4 drwxr-xr-- 8 chris chris 4096 May 8 21:53 .
SOLVED (but not really understood)
It turned out that I need to run
git add *
at the command line to get all the files that were marked as "not staged to commit" back into that "staged to commit" status. I don't understand this because I'm a git newbie but it has fixed the Rstudio spinner issue too.

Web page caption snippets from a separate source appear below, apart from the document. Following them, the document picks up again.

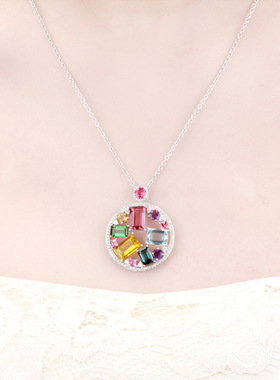 POLYSUTT奢华水晶吊坠圆形白金全新POLYSUTT现货新鲜出炉女日韩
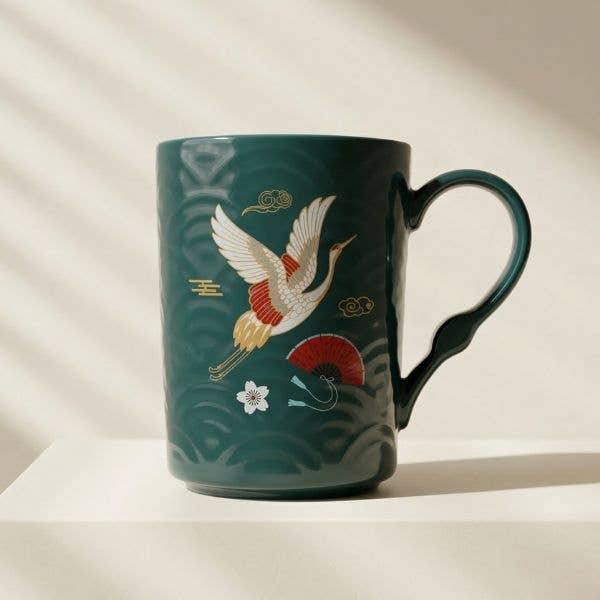 Original Source - Elegant Ceramic Crane Mug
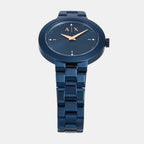 Women Quartz Blue Dial Analog Stainless Steel Watch AX5175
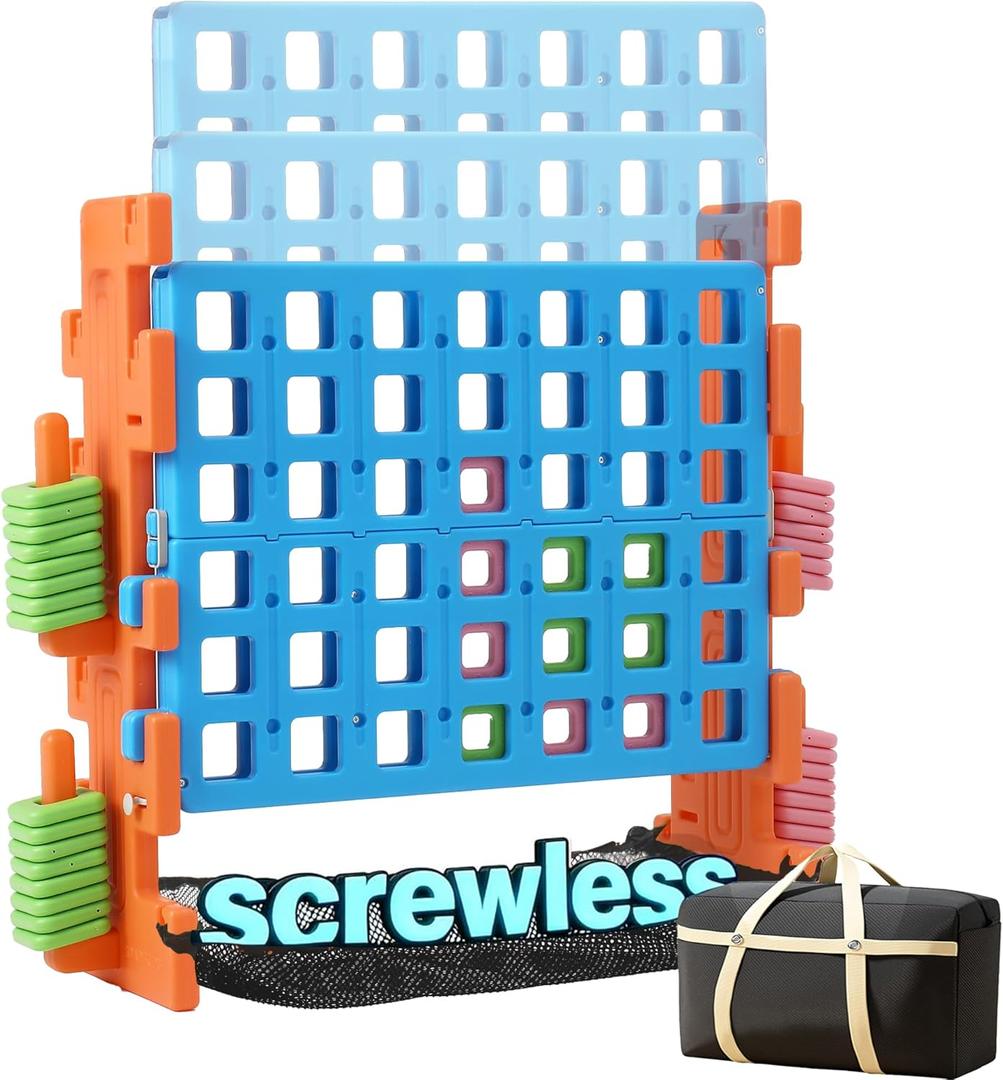 SDADI 'Click' Giant 4-in-a-Row Game Set with Block-Style Assembly, Adjustable Height 4-to-Score Connect Game, Portable Family Yard Game for Indoor & Outdoor Play, Blue Orange 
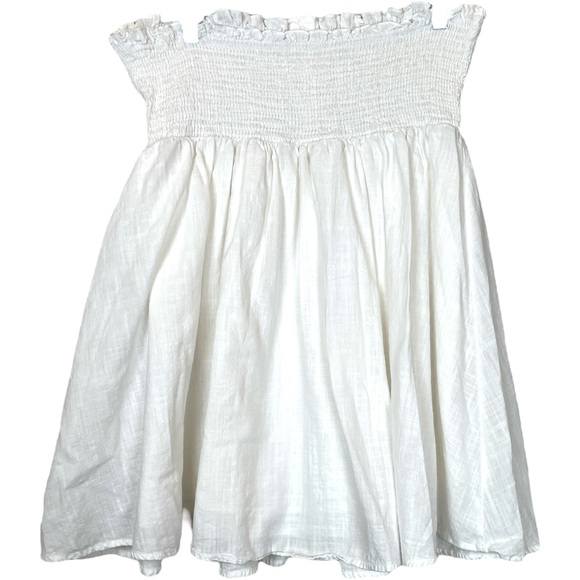 Shein Button Front Smocked Shirred Strapless White Mini Dress Swim Cover Up XL - Picture 3 of 5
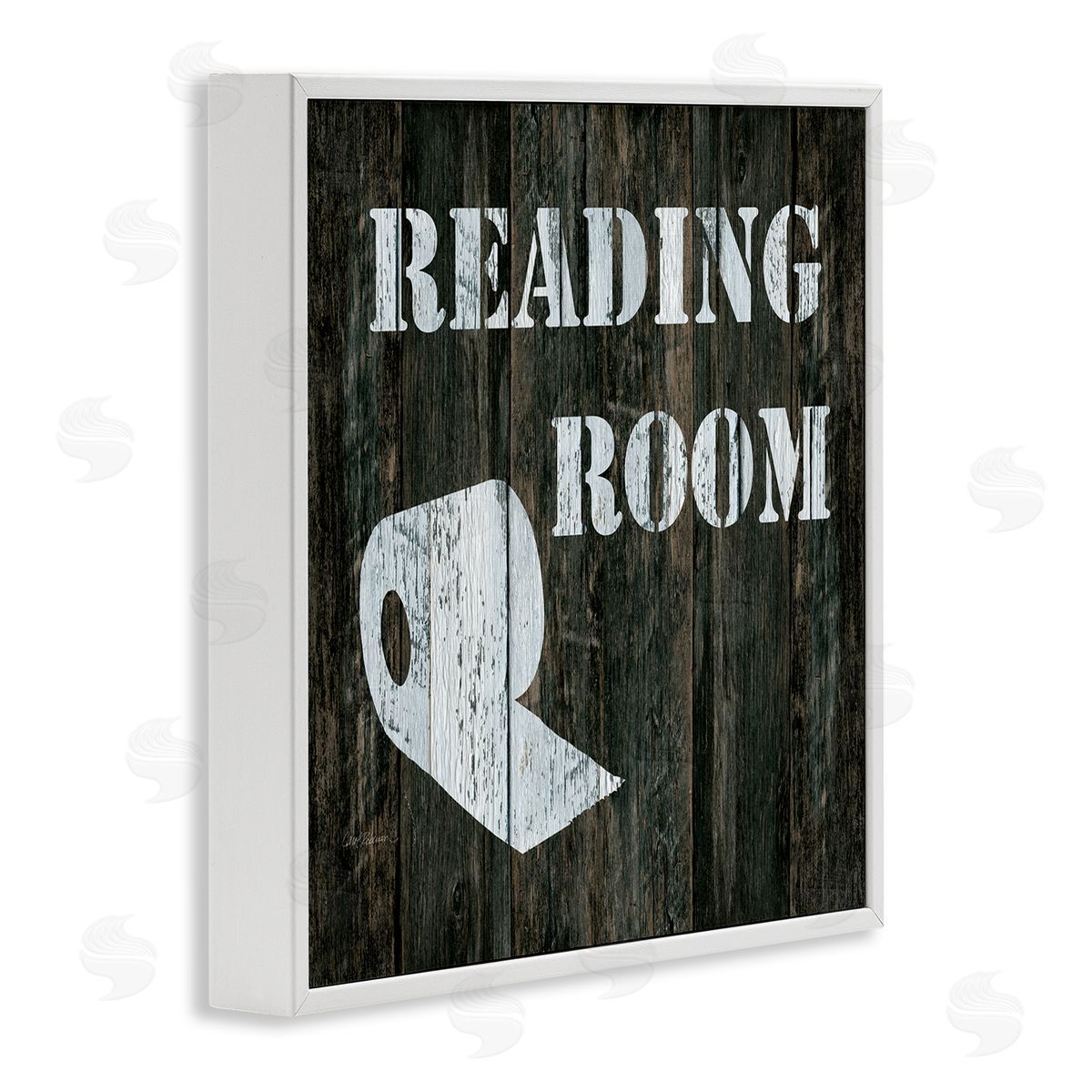 Carol Robinson Reading Room Phrase Rustic Bathroom Toilet Paper White Framed Glicee Wall Art Print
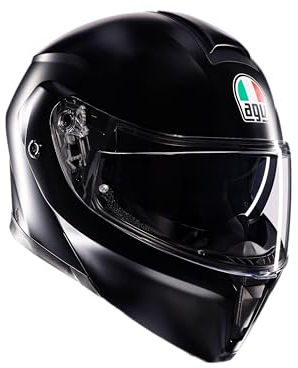 AGV Streetmodular ECE 22-06 Mono, Modularer Helm, Motorrad Klapphelm ECE 22-06 P/J in Zwei Konfigurationen zugelassen, mit Sonnenblende, Matt Schwarz, XL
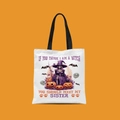 Detail showing mini Halloween canvas tote bag with witch and pumpkin illustration - Skull Witch Pumpkin Style (FBDT02-25)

One side thing I learned which I think was never causal in any of this (and which I probably should have guessed sooner when Rstudio complained it didn't know my identify for git): if you change/update your git ID:
git config --global user.email 'chris@psyctc.org'
git config --global user.name 'Chris Evans'
you must do it as the user not as root as those things are stored per user.
Many thanks for support and pointers: invaluable for me through this.